Wednesday, December 06, 2006

Why The Industrial Revolution?

The National Bureau of Economic Research is a jewel-like minaret thrust above the ivory tower of academic economics. Where else would someone get paid to write a paper showing that famous painters produce their most noteworthy work either when they are quite young or toward the ends of their careers, but not so much in between? I like to peruse the abstracts of recent NBER publications just to get an idea of the sort of weird ideas economists are thinking about these days.

One not-so-new paper caught my eye recently, entitled "Was an Industrial Revolution Inevitable? Economic Growth Over the Very Long Run". I loved the typo at the NBER site that turned the last line of the abstract into a punchline:

the simulated economy indicates that the single most important factor in the transition to modern growth has been the increase in the fraction of output pain to compensate inventors for the fruits of their labor.

Yes, the output pain. I know it well. There should be a t-shirt that says, "I Subverted the Dominant Paradigm in Silicon Valley, but all I got was this lousy case of tendinitis." OK, I got pain, but I also got paid.

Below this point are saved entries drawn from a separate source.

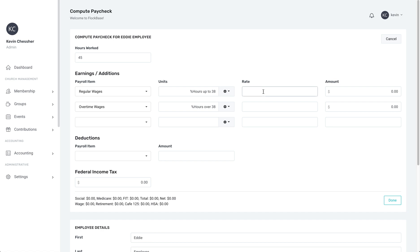Next, you can enter the rate at which the employee is paid for normal time and overtime. For our example, our employee is paid $30 per hour up to 40 and $45 per hour for overtime.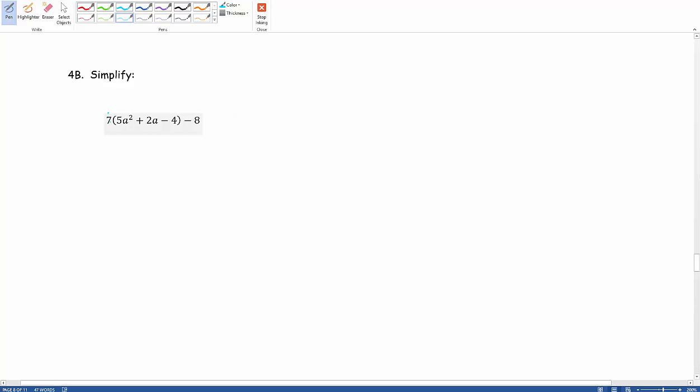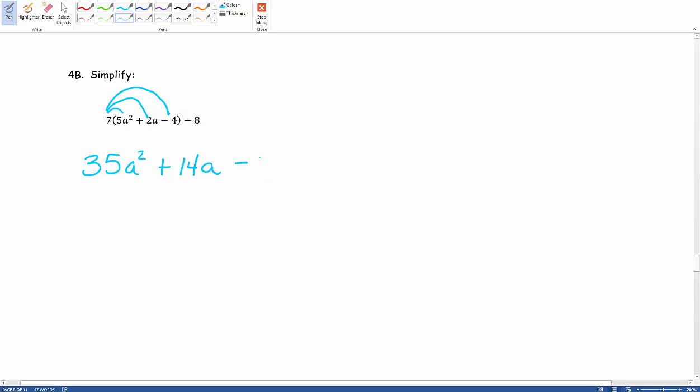So going ahead and distributing this we end up with 7 times positive 5a squared. So 7 times 5 gives us 35a squared. Multiplying that 7 and distributing it to the 2a we end up with positive 14a and then lastly distributing the 7 to the negative 4. So 7 times negative 4 gives us negative 28.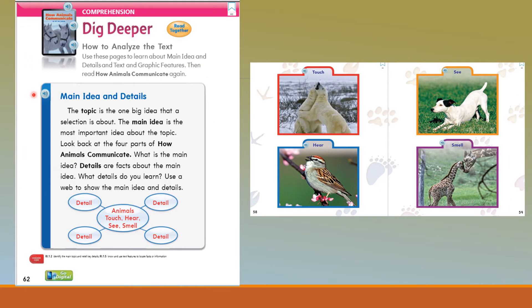Let's take a deeper dive into our target skill of main idea and details. The topic is the one big idea that a selection is about. The main idea is the most important idea about the topic. Look back at the four parts of how animals communicate: touch, see, hear, and smell. What is the main idea? Details are the facts about the main idea — what details do you learn? Use a web to show the main idea and the details.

The paper itself is quite chockablock with mathematical modeling, quantifications of the seemingly unquantifiable. After satisfying himself that an Industrial Revolution was inevitable, the author Charls Jones asks, was The Industrial Revolution inevitable? His model gets it a little wrong in timing, and there seems to be an inevitable non sequitur in his attribution of root causes -- how could advances in property rights in the twentieth century explain the Industrial Revolution arising a century earlier? Well, he's looking at the 25,000 year perspective, maybe his model is a little cross-eyed when it gets down to the fine details of timing.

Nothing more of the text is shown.